It got me thinking and wondering... How did camping get its start? And what did that progression look like?

When you are looking at how tent camping has changed throughout our growth in civilization, the question arises, "How far back?" Here we discuss the prehistoric hunting camps of the nomads to the current day nylon and plastic pre-made tents. This article will also give you an idea and show you in relativity to the rest of society; tent camping hasn't changed that much since it emerged.

Shelter Is A Basic Need Of A Human Being

This was obvious to even the pre-human race. The basic point of a tent is to have shelter from the elements. The prehistoric man took shelter in caves and under a rock out hangings. Maybe they dug holes or piled up fallen trees. From here, they would raise their families and do their hunting. Hunting back then was done with rocks and bones. Primitive weapons such as spears and rock knives became part of the camping gear. In these times, the fire was few and far between. Most were accidents.

As time progressed, there was an emergence of weapons and knowledge growth on fabrication. They began using animal skins and usually some type of wood post or such and create a "mobile" campsite. Fire emerged into this culture, as did the cooking. Therefore, new tools had to be created and added to the camping list. Pots, pans, and spices were now added to the list, as well as other cooking utensils needed to complete the job.

This still required hunting. Man discovered the magic of tension and thus created the bow and arrow. This is a technique that works so well; some still use it today. They also began to discover the basics of trapping. This means that now rope and spare wood were added to the packing list to go on a trip.

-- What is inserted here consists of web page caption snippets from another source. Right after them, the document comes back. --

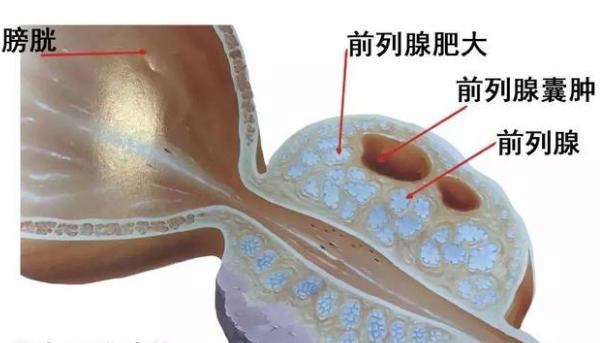 雄性犬为“良性前列腺增生症”风险种群，又该如何治疗和预防？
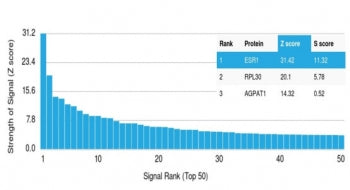 Analysis of a HuProt(TM) microarray containing more than 19,000 full-length human proteins using Secretogranin I antibody (clone CHGB/4560). Z- and S- Score: The Z-score represents the strength of a signal that a monoclonal antibody (in combination with a fluorescently-tagged anti-IgG secondary antibody) produces when binding to a particular protein on the HuProt(TM) array. Z-scores are described in units of standard deviations (SD's) above the mean value of all signals generated on that array.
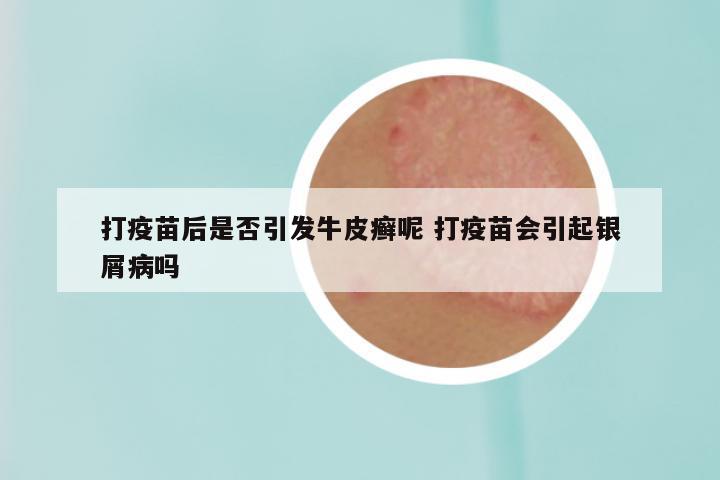 打疫苗后是否引发牛皮癣呢 打疫苗会引起银屑病吗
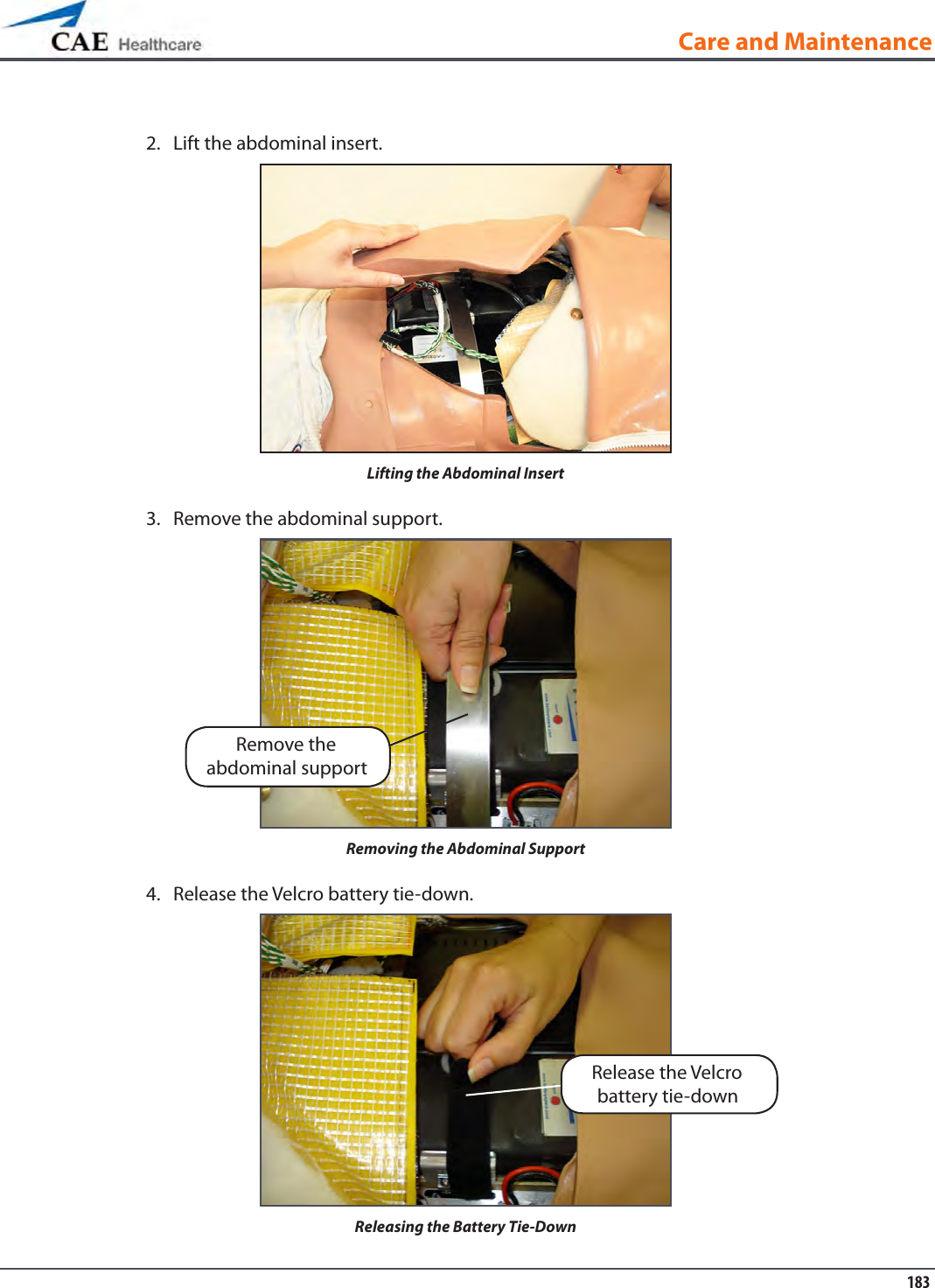 183Care and MaintenanceLift the abdominal insert.2. Lifting the Abdominal InsertRemove the abdominal support.3. Removing the Abdominal SupportRelease the Velcro battery tie-down.4. Releasing the Battery Tie-Down Remove the abdominal supportRelease the Velcro battery tie-down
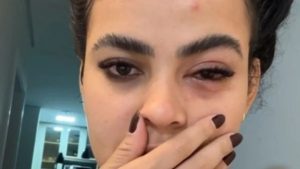 Influenciadora Mosca de banheiro Infecção no olho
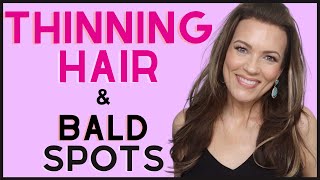 TRY THIS for THIN HAIR, BALD SPOTS & COWLICK PART! Watch them DISAPPEAR INSTANTLY!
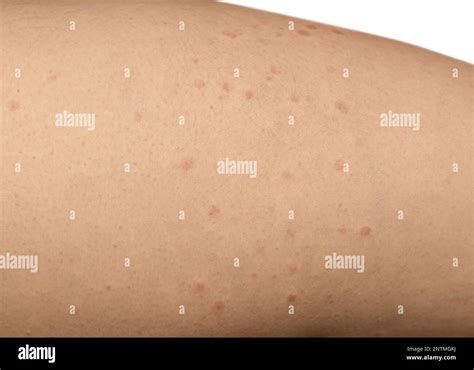 burns from laser hair removal. Burn spots from laser skin treatment for ...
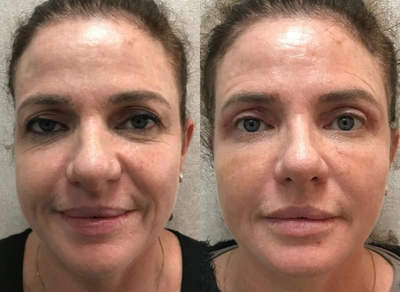 Eyelid Surgery before and after photo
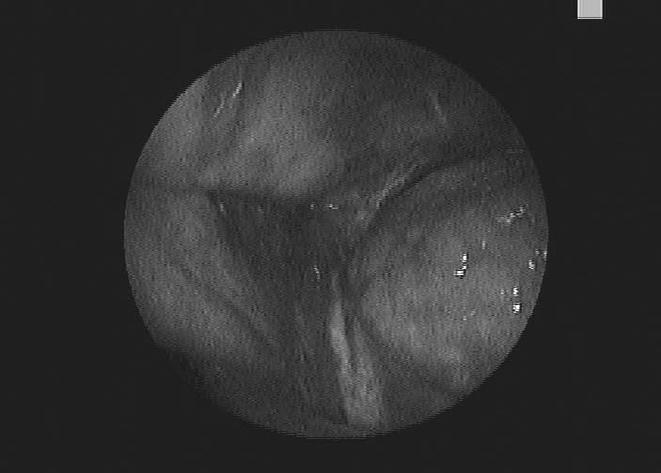 Były to podwaliny do powstania nowatorskiej myśli diagnostycznej. Jednak dopiero dzięki sformułowaniu podstaw działania lasera w 1917 r. przez Alberta Einsteina i jego skonstruowaniu w 1960 r.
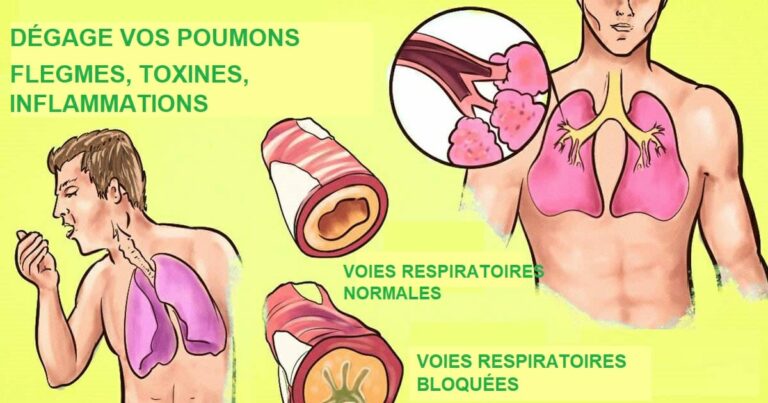Comment débarrasser vos poumons et votre gorge des flegmes persistants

As you look further up through time, the discovery of metalwork increased the weight of people as they traveled with new heavier weapons and armor, creating more weight to be carried. Enter the beast of burden. Now added to the packing list is food for the beasts as well as food for you, as some foods could be purchased or traded for as the creation of civilization begins. Hunting was still quite necessary as there was no good way to preserve meat for long periods of time. Fires were created now from flintstone and the use of friction with sticks.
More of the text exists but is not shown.